All of lore.kernel.org
 help / color / mirror / Atom feed
From: Minchan Kim <minchan@kernel.org>
To: Andrew Morton <akpm@linux-foundation.org>
Cc: LKML <linux-kernel@vger.kernel.org>,
	linux-mm <linux-mm@kvack.org>,
	linux-api@vger.kernel.org, oleksandr@redhat.com,
	Suren Baghdasaryan <surenb@google.com>,
	Tim Murray <timmurray@google.com>,
	Daniel Colascione <dancol@google.com>,
	Sandeep Patil <sspatil@google.com>,
	Sonny Rao <sonnyrao@google.com>,
	Brian Geffon <bgeffon@google.com>, Michal Hocko <mhocko@suse.com>,
	Johannes Weiner <hannes@cmpxchg.org>,
	Shakeel Butt <shakeelb@google.com>,
	John Dias <joaodias@google.com>,
	Joel Fernandes <joel@joelfernandes.org>,
	Alexander Duyck <alexander.h.duyck@linux.intel.com>,
	Minchan Kim <minchan@kernel.org>
Subject: [PATCH v4 1/8] mm: pass task to do_madvise
Date: Wed, 12 Feb 2020 15:39:39 -0800	[thread overview]
Message-ID: <20200212233946.246210-2-minchan@kernel.org> (raw)
In-Reply-To: <20200212233946.246210-1-minchan@kernel.org>

In upcoming patches, do_madvise will be called from external process
context so it shouldn't asssume "current" is always hinted process's
task_struct. Thus, let's get the mm_struct from vma->vm_mm, not
current because vma is always hinted process's one.

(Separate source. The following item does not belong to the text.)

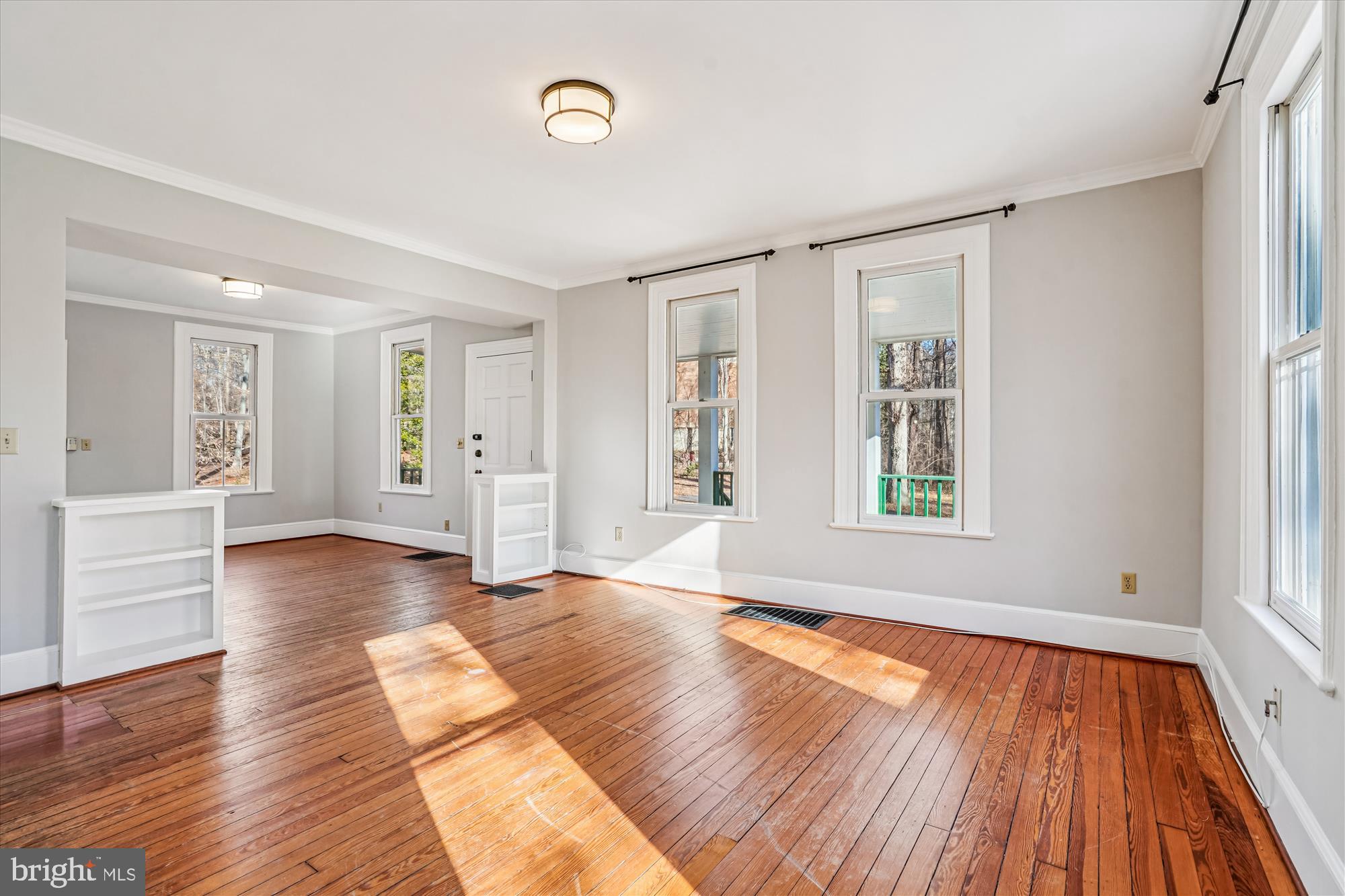 2799 Beechbank Road Silver Spring, MD 20910 - Photo 10 of 42 a view of an empty room with wooden floor and a window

And let's pass
*current* as new task argument of do_madvise so it shouldn't change
existing behavior.

Signed-off-by: Minchan Kim <minchan@kernel.org>
---
 fs/io_uring.c      |  2 +-
 include/linux/mm.h |  3 ++-
 mm/madvise.c       | 37 ++++++++++++++++++++-----------------
 3 files changed, 23 insertions(+), 19 deletions(-)

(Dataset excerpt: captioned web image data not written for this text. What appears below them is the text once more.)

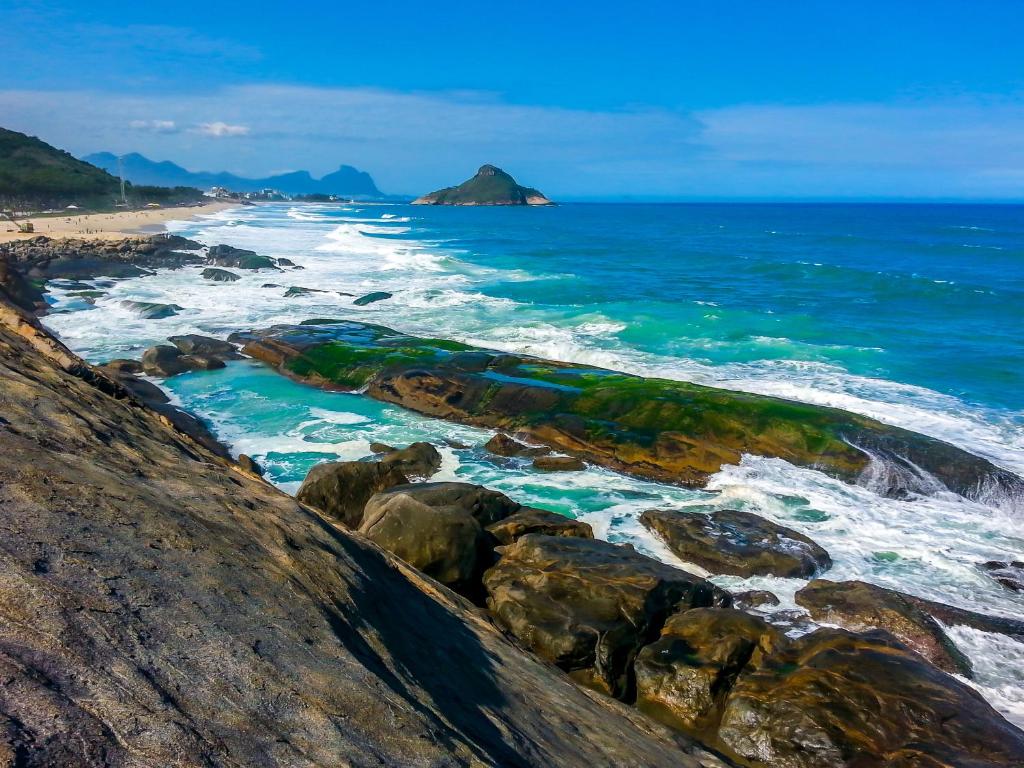 uma vista para o oceano a partir de uma praia rochosa em Casa em Condomínio no Rio de Janeiro
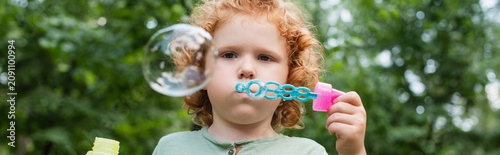 фотографія Joyful moments of a little child blowing bubbles in the park during a sunny afte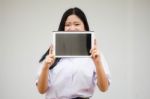 Portrait Of Thai High School Student Uniform Beautiful Girl Using Her Tablet Stock Photo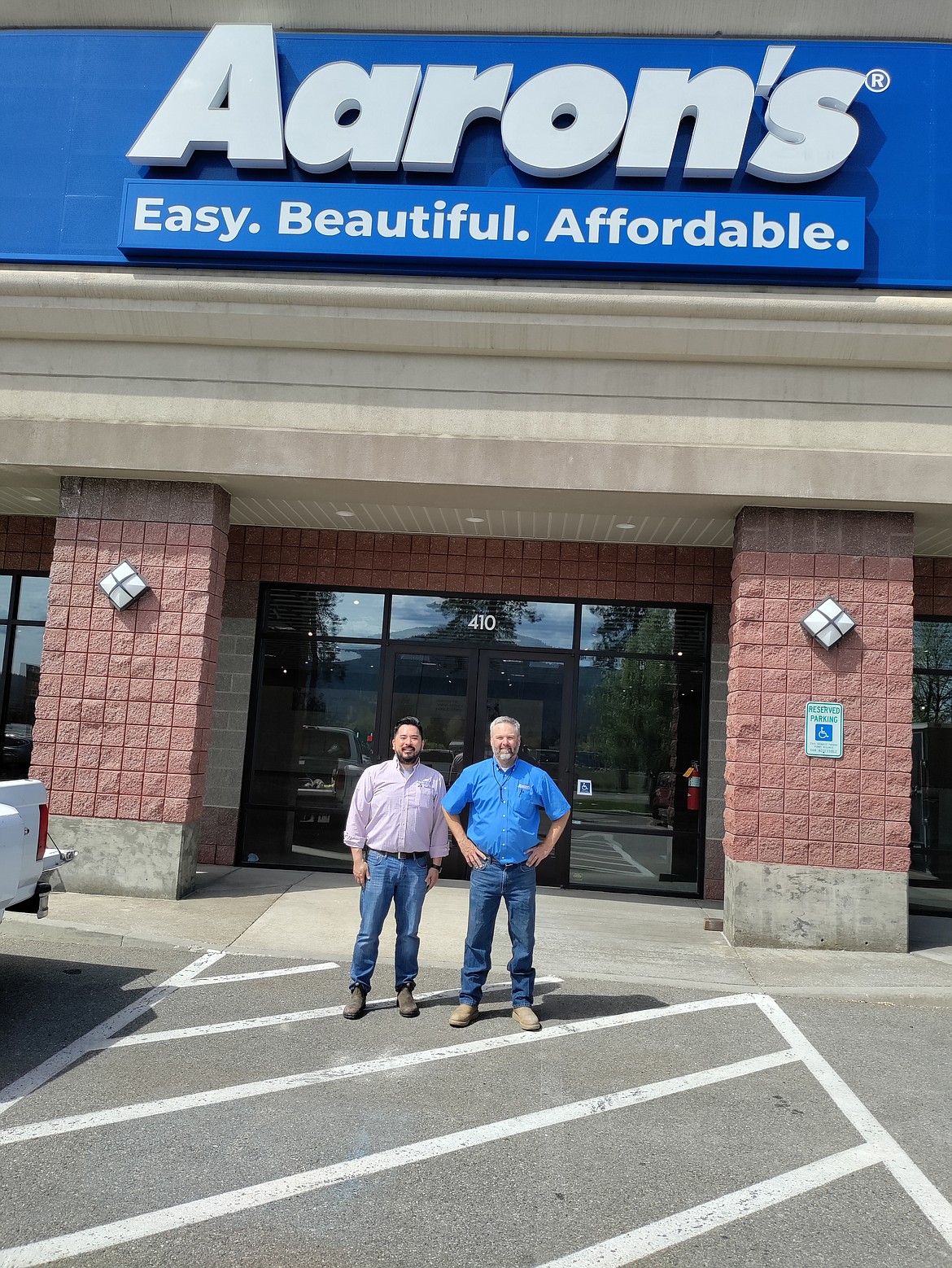 Courtesy photo
Employees David Hong and David Lyons stand in front of Aaron's Furniture, Electronics and Appliances, now located in the former Pier 1 Imports location at 410 W. Wilbur (west of U.S. 95).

diff --git a/fs/io_uring.c b/fs/io_uring.c
index 63beda9bafc5..6307206b970f 100644
--- a/fs/io_uring.c
+++ b/fs/io_uring.c
@@ -2736,7 +2736,7 @@ static int io_madvise(struct io_kiocb *req, struct io_kiocb **nxt,
 	if (force_nonblock)
 		return -EAGAIN;
 
-	ret = do_madvise(ma->addr, ma->len, ma->advice);
+	ret = do_madvise(current, ma->addr, ma->len, ma->advice);
 	if (ret < 0)
 		req_set_fail_links(req);
 	io_cqring_add_event(req, ret);
diff --git a/include/linux/mm.h b/include/linux/mm.h
index 52269e56c514..8cb41131ec96 100644
--- a/include/linux/mm.h
+++ b/include/linux/mm.h
@@ -2323,7 +2323,8 @@ extern int __do_munmap(struct mm_struct *, unsigned long, size_t,
 		       struct list_head *uf, bool downgrade);
 extern int do_munmap(struct mm_struct *, unsigned long, size_t,
 		     struct list_head *uf);
-extern int do_madvise(unsigned long start, size_t len_in, int behavior);
+extern int do_madvise(struct task_struct *task, unsigned long start,
+			size_t len_in, int behavior);
 
 static inline unsigned long
 do_mmap_pgoff(struct file *file, unsigned long addr,
diff --git a/mm/madvise.c b/mm/madvise.c
index 43b47d3fae02..ab4011ba2d9e 100644
--- a/mm/madvise.c
+++ b/mm/madvise.c
@@ -256,6 +256,7 @@ static long madvise_willneed(struct vm_area_struct *vma,
 {
 	struct file *file = vma->vm_file;
 	loff_t offset;
+	struct mm_struct *mm = vma->vm_mm;
 
 	*prev = vma;
 #ifdef CONFIG_SWAP
@@ -288,12 +289,12 @@ static long madvise_willneed(struct vm_area_struct *vma,
 	 */
 	*prev = NULL;	/* tell sys_madvise we drop mmap_sem */
 	get_file(file);
-	up_read(&current->mm->mmap_sem);
+	up_read(&mm->mmap_sem);
 	offset = (loff_t)(start - vma->vm_start)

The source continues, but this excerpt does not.